# Craftsman 5hp 22". Carb problem?



## grav898 (Nov 22, 2012)

Hey guys. I've got a 5hp Tecumseh blower engine and it will run on Ether or brake clean as long as ur spraying it right into the carb but as soon as u stop it shuts itself off. Can't figure it out. Any ideas?

Thanks


----------



## Shryp (Jan 1, 2011)

Sounds like you need to clean the carb. You can probably get away with just removing the bowl nut and cleaning the inside of the bowl and the jet out. Pay special attention to the 3 little holes in the bowl nut.










Also watch some of Donyboy's videos on Tecumseh carbs.

The Small Engine Doctor - YouTube


----------



## bwdbrn1 (Nov 24, 2010)

Welcome to the forum. Common sort of problem you have there, so I'd ditto what Shryp said. Watch the videos, they're pretty darn helpful, and a whole lot easier than reading directions.

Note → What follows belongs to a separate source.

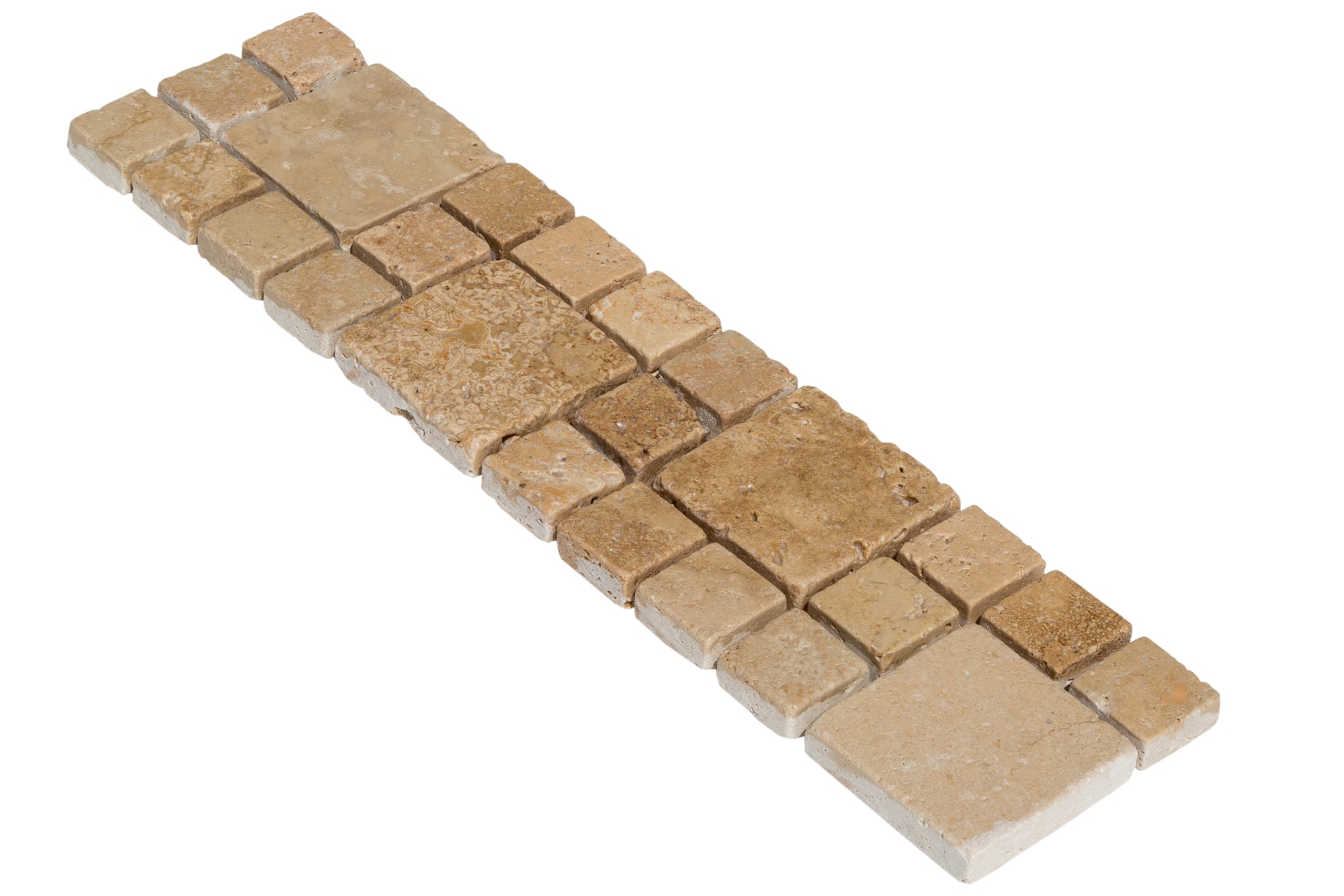 Chiaro Rustic / 3"x12" / Tumbled Border Travertine Mosaic - Empire Series 0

Let us know how it goes for you.


----------



## grav898 (Nov 22, 2012)

Thanks alot guys I really appreciate it. I'm off for the next 7 days so I'm gonna try fixing it and I'll let ya know how it goes


----------



## HCBPH (Mar 8, 2011)

*Carbs*



grav898 said:


> Thanks alot guys I really appreciate it. I'm off for the next 7 days so I'm gonna try fixing it and I'll let ya know how it goes


In addition to what has been said, add one more to the list. Take alot of pictures and make alot of drawings or mark things up accordingly if this is your first carb (or 2d, 3d, or 14th). There's always some linkage or fitting that's always a little unique to each engine and nothing worse than having it almost together and have something left over.
You'll do fine as long as you work through it. Doing another one this week myself, and I'm doing my photo log of the setup and disassembly.


----------



## grav898 (Nov 22, 2012)

There is a penny sized dome shaped piece of metal above the float that rusted all to bits so I popped it off and now I'm wondering how the heck I put the new one back in. It fits in the "groove" but it seems like there is nothing holding it in place.


----------



## bwdbrn1 (Nov 24, 2010)

Are you talking about the round thing that appears just above the main jet tube at about the 6 second mark in the third of the four video? Those things are called Welch plugs, and you sort of give them a bit of a whack in the center of the dome. Not so much that you squeeze it flat, but just enough to sort of spread it out so it pushes against the side of the hole you took it out of. There are special tools for that sort of thing, but I've used a flat punch and did it very carefully on those I've replaced. 

Somebody else might have a better description of how to do it.


----------



## HCBPH (Mar 8, 2011)

*Welch Plug*



grav898 said:


> There is a penny sized dome shaped piece of metal above the float that rusted all to bits so I popped it off and now I'm wondering how the heck I put the new one back in. It fits in the "groove" but it seems like there is nothing holding it in place.


Yes that's a Welch Plug. You want to be careful driving in the new one. There's a flat spot on the opposite side of the carb. When I drive them in I use a large block of wood and place that flat spot on it. When driving them in, I use a small socket just slightly smaller than the plug, place the socket on the plug and drive it in carefully with a couple of light blows with a hammer.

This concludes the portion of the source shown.